[Stored items]

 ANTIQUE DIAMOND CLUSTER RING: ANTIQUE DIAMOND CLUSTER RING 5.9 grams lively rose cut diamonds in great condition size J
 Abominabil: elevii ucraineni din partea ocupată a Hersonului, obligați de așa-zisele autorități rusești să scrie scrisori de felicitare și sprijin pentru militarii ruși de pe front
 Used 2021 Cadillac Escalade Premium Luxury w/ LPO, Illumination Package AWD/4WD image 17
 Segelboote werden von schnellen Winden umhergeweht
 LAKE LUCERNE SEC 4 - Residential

* _About this exercise_
Reproduce every single entry above exactly.

* _Reply_
 ANTIQUE DIAMOND CLUSTER RING: ANTIQUE DIAMOND CLUSTER RING 5.9 grams lively rose cut diamonds in great condition size J
 Abominabil: elevii ucraineni din partea ocupată a Hersonului, obligați de așa-zisele autorități rusești să scrie scrisori de felicitare și sprijin pentru militarii ruși de pe front
 Used 2021 Cadillac Escalade Premium Luxury w/ LPO, Illumination Package AWD/4WD image 17
 Segelboote werden von schnellen Winden umhergeweht
 LAKE LUCERNE SEC 4 - Residential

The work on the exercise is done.